Change Wizard
Change Wizard is a 2015 iOS game developed by Mountain Machine Studios and executive produced by Mike Merrill (credited as “K. Mikey M.”). The game casts the player as a wizard cashier who must use magic to make correct change for customers. It was released on the Apple App Store at $1.99 and supported Apple Game Center for competitive play.
Change Wizard was an offshoot of work happening inside Chroma at the time, and emerged from a “Money Jam,” an event Merrill hosted in which people came together for a short period to build games with the explicit goal of selling them. Unlike a traditional game jam focused on experimentation or portfolio work, Money Jam was structured around commercial release as the outcome.
Concept
The setup is that making change is difficult when you are a wizard. The player views a line of customers at a register and must calculate the correct change on each transaction. To dispense the change, the player casts the “Change-O-Matic spell” by drawing a circle on the screen sized to match the required amount. For example: a customer pays $9.23 for a $9.19 chocolate bar, and the player draws four pennies as four small circles. Once the change is close enough to correct, the player swipes the checkout bar to advance to the next customer.

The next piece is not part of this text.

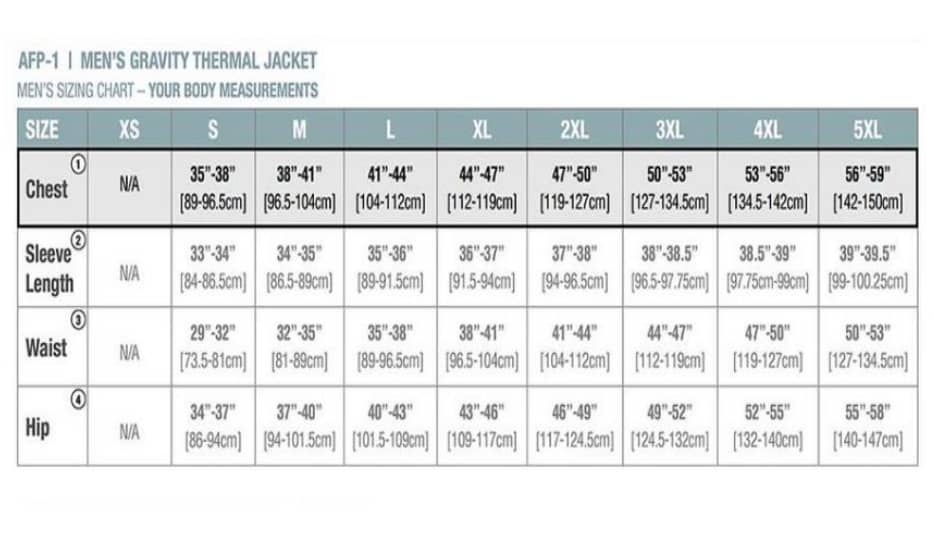 Men´s Gravity Thermal Jacket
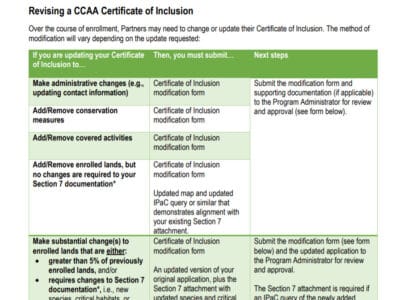 Thumbnail for Certificate of Inclusion Modification Form. Click the thumbnail to open this tool in a new window.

The game’s framing was deliberately absurd. Promotional copy on release read: “Magic isn’t easy. If it was easy, then everyone would do it and we’d be living in a world of dragons and lightning bolt spells.”
Release and context
Mountain Machine Studios released Change Wizard in April 2015. Merrill wrote an introductory “How to Play Change Wizard” post on Medium on April 30, 2015, explaining the gameplay and crediting the development team. The game was available only on iOS.
The release coincided with the formal launch of Chroma Fund as a crowd-investing platform, though Change Wizard itself was not a Chroma Fund campaign. It was produced on a faster timeline through the Money Jam format, while Chroma Fund operated on a separate track for larger, longer-horizon creative projects.
Reception
Rick Turoczy reviewed Change Wizard for Silicon Florist on April 29, 2015, the day before Merrill’s own Medium post introducing the game. Turoczy called it “a frustratingly fun game” and framed it as an unexpected collaboration between two Oregon Story Board accelerator alumni: Mountain Machine Studios and Merrill (in his Chroma cofounder capacity). The review was playful and affectionate, with Turoczy cheerfully admitting he could not actually master the gameplay himself despite endorsing it.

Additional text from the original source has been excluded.